── The input ──

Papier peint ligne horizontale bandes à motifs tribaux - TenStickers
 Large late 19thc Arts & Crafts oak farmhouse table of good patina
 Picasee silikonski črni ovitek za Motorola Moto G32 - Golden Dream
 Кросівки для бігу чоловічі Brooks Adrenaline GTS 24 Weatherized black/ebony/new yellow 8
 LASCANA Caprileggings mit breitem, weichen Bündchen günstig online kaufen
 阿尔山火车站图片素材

───

## Task details
Would you please transcribe the records above in full and exactly?

## The completed task
Papier peint ligne horizontale bandes à motifs tribaux - TenStickers
 Large late 19thc Arts & Crafts oak farmhouse table of good patina
 Picasee silikonski črni ovitek za Motorola Moto G32 - Golden Dream
 Кросівки для бігу чоловічі Brooks Adrenaline GTS 24 Weatherized black/ebony/new yellow 8
 LASCANA Caprileggings mit breitem, weichen Bündchen günstig online kaufen
 阿尔山火车站图片素材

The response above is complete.